Your communications with your attorney are not privileged.  Wow, that is a scary thought, isn't it? 

Courts have carved out a very broad exception to the attorney-client privilege in the context of fiduciary litigation.  When an attorney advises a fiduciary about the administration of a benefit plan, courts have found that the the attorney's client is actually the beneficiaries of the plan and not the fiduciary personally.   So courts have consistently held that the attorney-client privilege should not be used as a shield against the parties who the fiduciaries are obligated to serve.  Consequently, the 4th Circuit recently confirmed (in Solis v. Food Employers Labor Relations Ass'n) that the attorney-client privilege does not extend to communications between a plan fiduciary and legal counsel related to plan administration.

The fiduciary exception in ERISA litigation is not without limit.  The fiduciary exception applies only when the person receiving legal advice acted in a fiduciary capacity pursuant to ERISA at the time the communication was made.  So in general terms, the fiduciary exception should apply only if the legal advice at issue concerns the administration or interpretation of an employee benefit plan.  The exception should not apply, for instance, to communications concerning a decision to amend or terminate an employee benefit plan because these are settlor functions and an employer does not act as an ERISA fiduciary in these cases.  A plan sponsor owes no fiduciary duty to plan participants and beneficiaries when making a decision to amend or terminate an employee benefit plan.  The duty is owed once the decision is made and how the decision is implemented.

But how do you make those distinctions at litigation time?  Is the corporate counsel who also helps with the plan going to get caught up in the privilege issue?  Who can determine what communications are and are not related to administration as opposed to settlor functions?  What if your business attorney advises about 401(k) administration?  Can he still defend a claim for breach of fiduciary duty?

The answers to these questions can be complex the deeper you go, but a simple start would be to consider having separate employee benefits counsel, someone who specifically limits representation to the benefit plan issues and their administration.  Maybe it is from the same law firm, or from a different law firm, but you should be thinking about this issue BEFORE having to defend a claim.  If you have counsel that limits their advice to fiduciary matters, you can at least know that in a breach of fiduciary duty suit, their communications would not be privileged.  You can base your communications on that "known" factor.

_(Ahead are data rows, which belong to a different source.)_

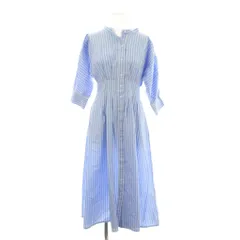 ナチュラルビューティー NATURAL BEAUTY ワンピース M 青 白 ストライプ柄 バンドカラー 七分袖 /JP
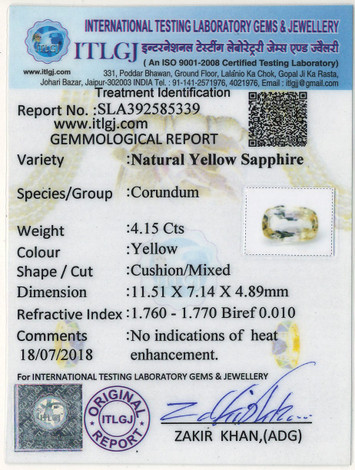 Yellow Sapphire - 4.15 Carat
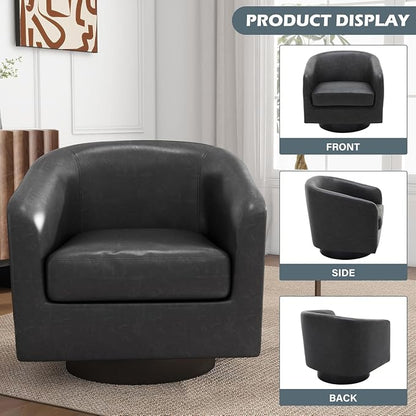 PU Leather Swivel Accent Chairs, Modern Upholstered Barrel Club Chair for Living Room, Round Armchair Single Sofa Bedroom Side Reading Seat - Charcoal Black, Set of 2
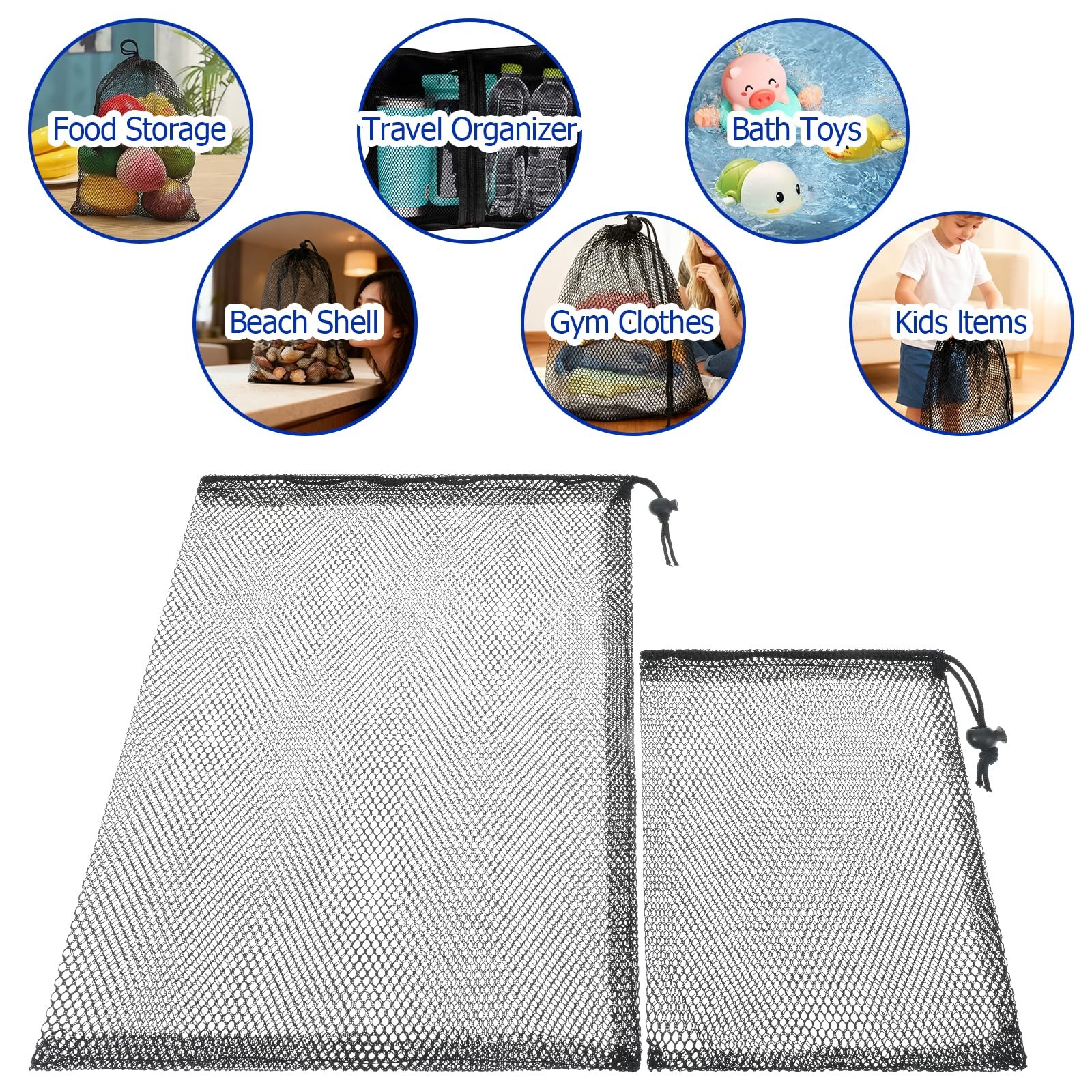 4 PCS Mesh Drawstring Bag, Black Nylon Mesh Ball Bag, Multipurpose Storage Bags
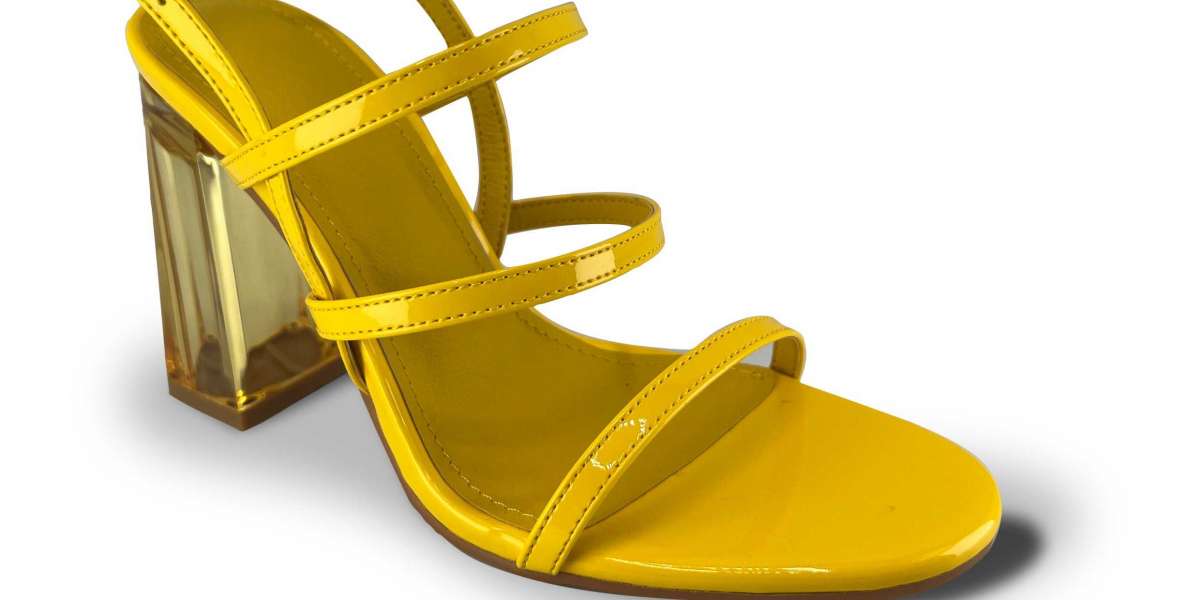 yellow block transparent sandals for sale online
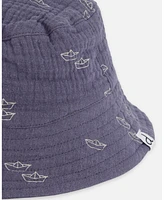 Deux par Baby Boys Printed Muslin Bucket Hat Navy Blue Paper Boats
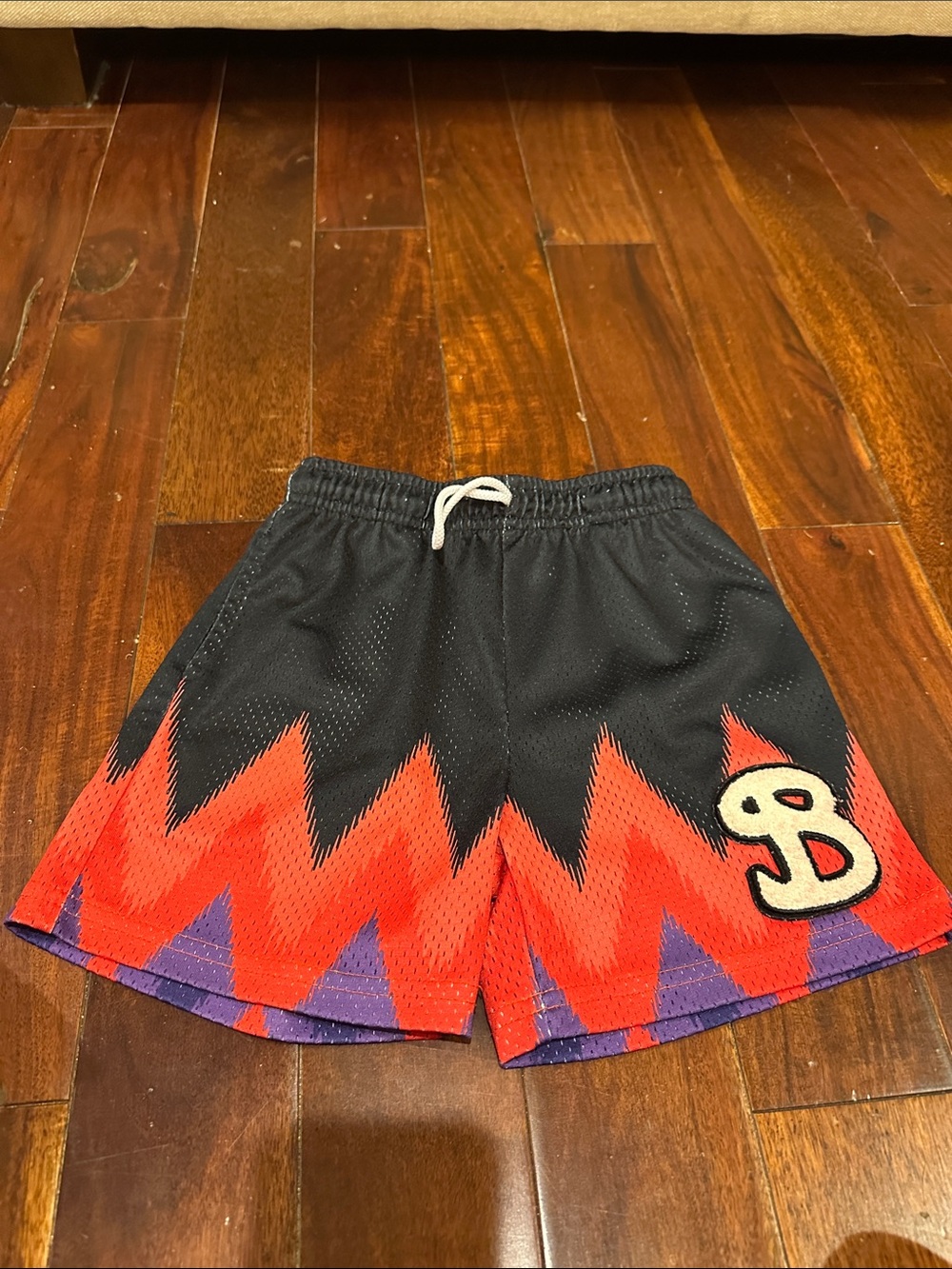 Bucketsquad Black Shorts with Red & Purple Flame Design ym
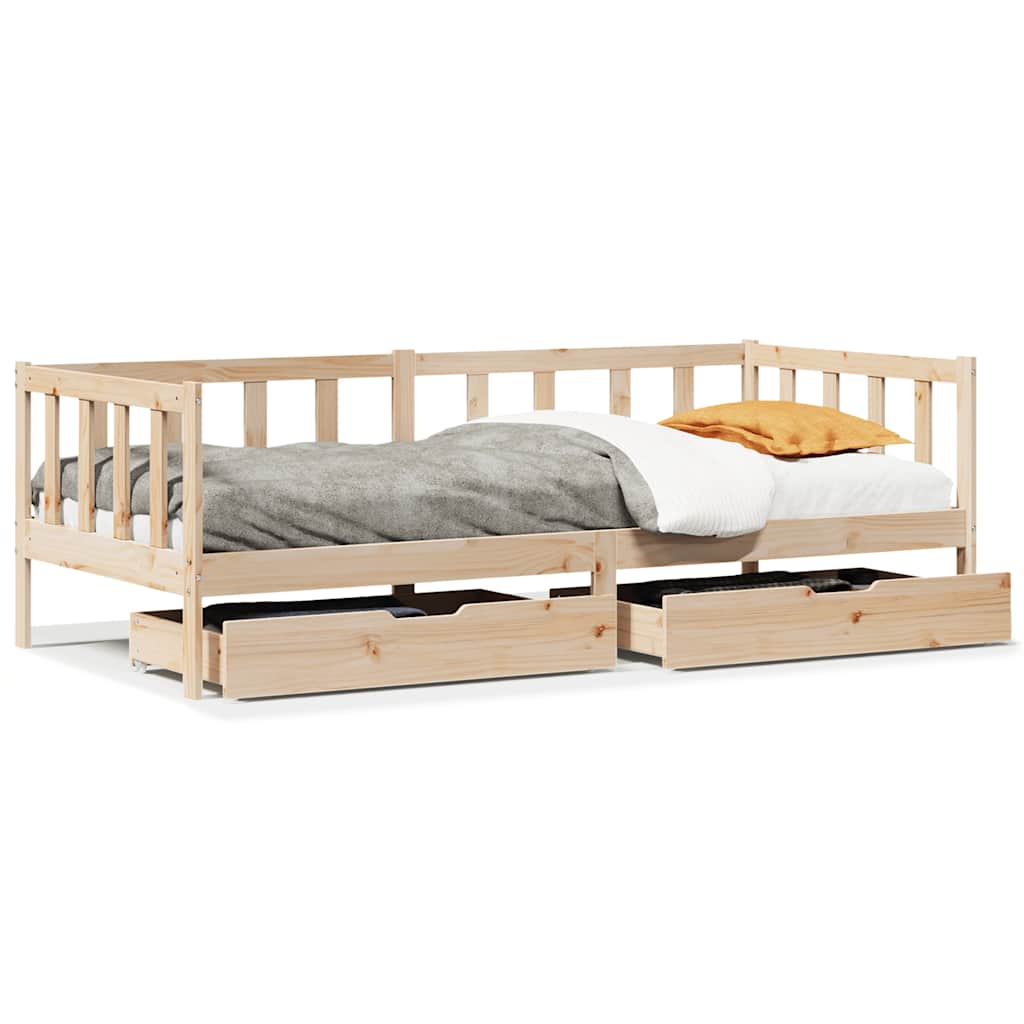 Dnevni krevet s ladicama bez madraca 90 x 190 cm masivno drvo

So instead of wondering, why not consider designating a specific attorney as benefits counsel.  That way you can segregate their knowledge and their advice based on an expectation that those communications could be discovered.  I hate to say it, but the less they know about your other business operations, the less likely it is that what they do know could some day be at issues.  At least you would be in control of the information flow, and that ultimately can strengthen the privilege.